How to get started with an accessibility program at your organization

You are unlikely to accidentally make your website or product accessible. You have to be deliberate about it, and make it part of your standard development process.

Usable.net, a consultancy focusing on accessibility, recommend these five steps in order to bring accessibility design and development practices into your company:

Make a plan

Create an internal, company-wide plan with clearly defined accessibility goals for your customer channels. Define the standards against which you’ll measure success. Include milestones for the design and implementation of accessibility features on your project timelines. Get everyone on board with the plan before embarking on the design process. Doing so will help team members recognize and perhaps mitigate the “abled bias” that causes many of us to overlook the need for accessibility.

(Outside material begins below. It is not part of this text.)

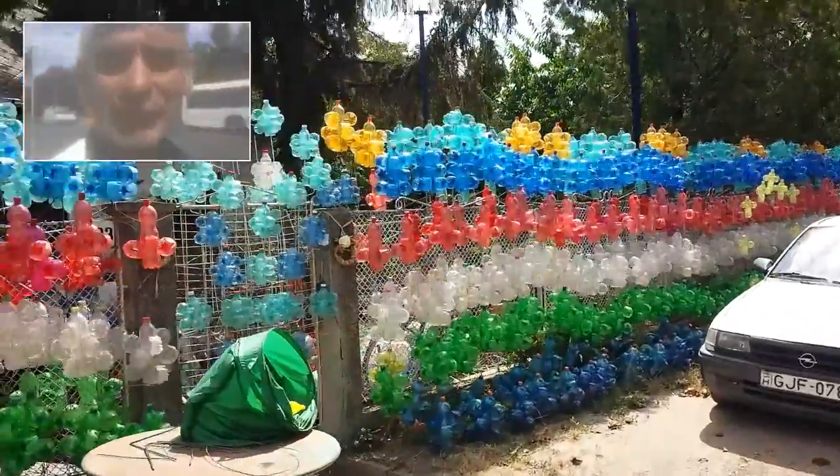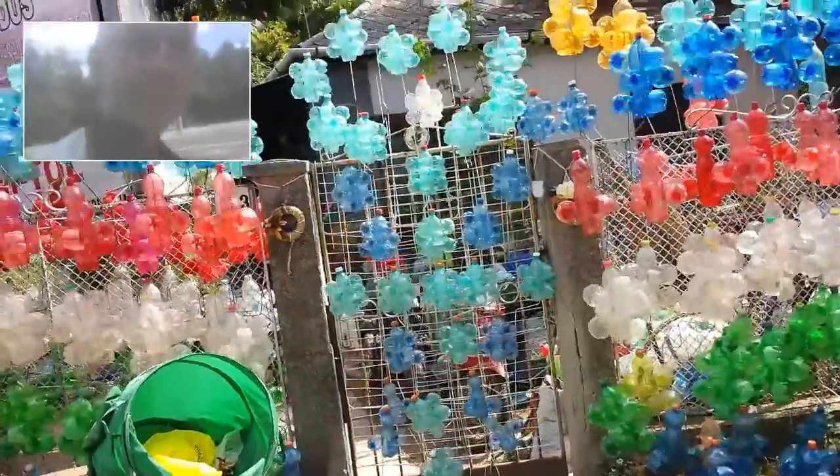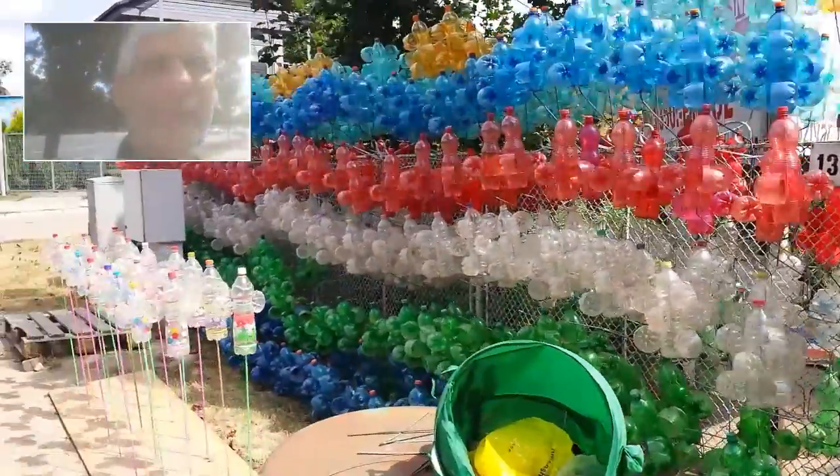Well, it definitely draws attention to the amount of plastic bottles. There's a lot of them in there. But there you are then.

Write and publish an accessibility statement

Set up an accessibility policy and statement, explaining why accessibility is so important to your operations. This should speak to team members, customers, the general public, and board members alike.

Talk to disabled people

Early on in the development process, whether through focus groups or interviews, it’s critical to talk to the people who will use your site or app. This includes people with disabilities. Understanding their perspectives and challenges and designing for them will result in a more usable product for everyone.

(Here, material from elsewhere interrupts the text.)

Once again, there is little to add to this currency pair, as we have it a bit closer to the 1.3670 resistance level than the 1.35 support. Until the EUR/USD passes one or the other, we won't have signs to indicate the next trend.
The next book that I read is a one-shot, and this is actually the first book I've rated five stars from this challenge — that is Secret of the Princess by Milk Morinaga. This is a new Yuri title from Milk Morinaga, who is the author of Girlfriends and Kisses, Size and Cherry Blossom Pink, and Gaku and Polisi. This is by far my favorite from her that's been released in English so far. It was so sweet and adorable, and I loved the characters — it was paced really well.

Also, hire people with disabilities in your organization. Their diverse needs and backgrounds will help build empathy in the organization and get direct access to the users who are the de-facto subject matter experts in assistive technology and how to best make use of it.

Train your teams and implement

Most likely, your development and design teams are utilizing templates and frameworks that offer some built-in accessibility features, such as ARIA (Accessible Rich Internet Applications) tags. But your design may still exclude a large part of your audience.

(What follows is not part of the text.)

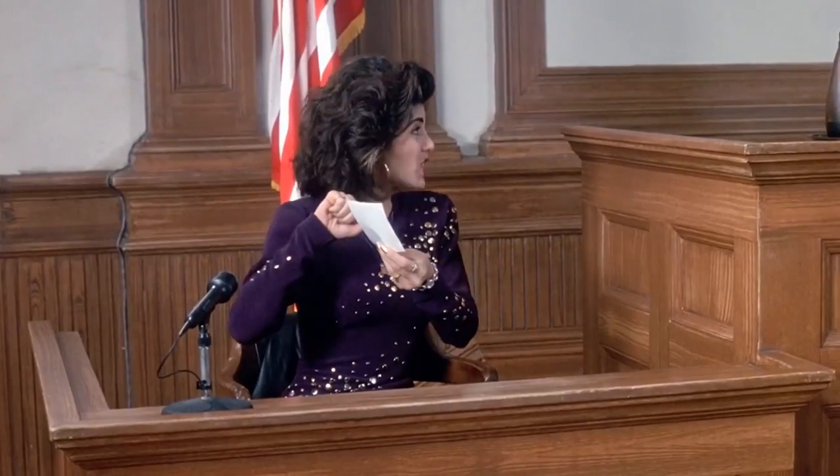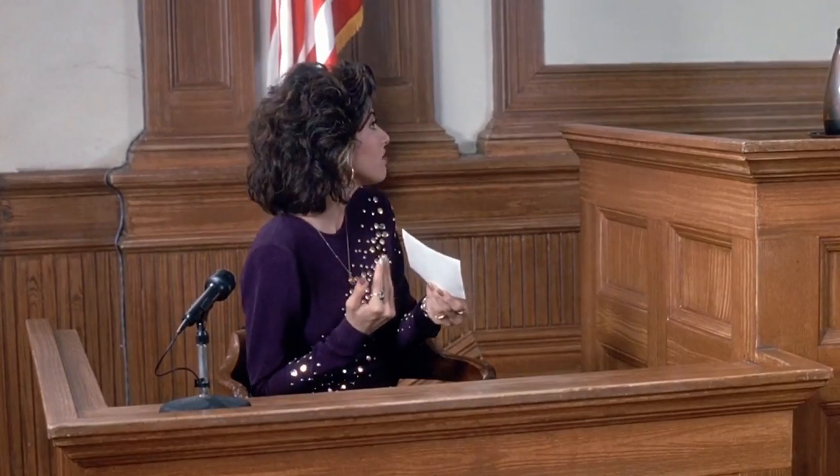Next up we have My Cousin Vinny. She's talking about something called positraction. Cars in the 60s and 70s had a fixed axle rear end — there were only three cars that had independent rear suspension. The idea behind independent rear suspension is that your wheels are on the ground more, giving you better traction. This whole scene is about the tire marks being even, which means you would have to have independent rear suspension.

Subjective design decisions, such as small font sizes or dense blocks of content, may deter “abled” people  from engaging with your product or service, because not all disabilities are permanent. For example, an “abled” customer who misplaced her glasses is as visually challenged as a legally blind person. Once designers and developers embrace the concept that accommodating disabilities benefits everyone, they will make better decisions and produce more inclusive products and services.

Test, fix, enhance

Once you’ve implemented your accessibility strategy across your channels, it’s critical to test it.

Testing your compliance with WCAG accessibility standards is simple, and in some cases, free. Online tools that scrape websites and analyze code and content will catch basic compliance violations (poor color contrast, small fonts, missing ARIA tags). But what about accessibility issues that automated tests can’t catch, such as language, comprehension or adverse visual effects that might trigger seizures?

To ensure your product or service is as inclusive as possible, incorporate people with disabilities into your user acceptance testing process. Engage with disabled users via focus groups and surveys. Ideally, these activities would occur pre-launch.

Post-launch, perform an accessibility audit utilizing a third-party firm that specializes in accessibility compliance. A once-a-year, professional audit will not only keep you up to date with  advances in accessibility standards and compliance mandates, it will also help with lawsuits. Also, train in-house staff to perform basic, more periodic audits that catch common issues not covered by automated tools.

If the automated and hands-on testing identify compliance violations, work to fix the issues as soon as possible. If the violation could potentially result in a class-action lawsuit, be vocal about your intent to fix the situation, then do it right.

Following this plan will not only ensure that your finished project is compliant, but the plan will also hold team members accountable every step of the way. And remember to revisit your checklist as technologies evolve.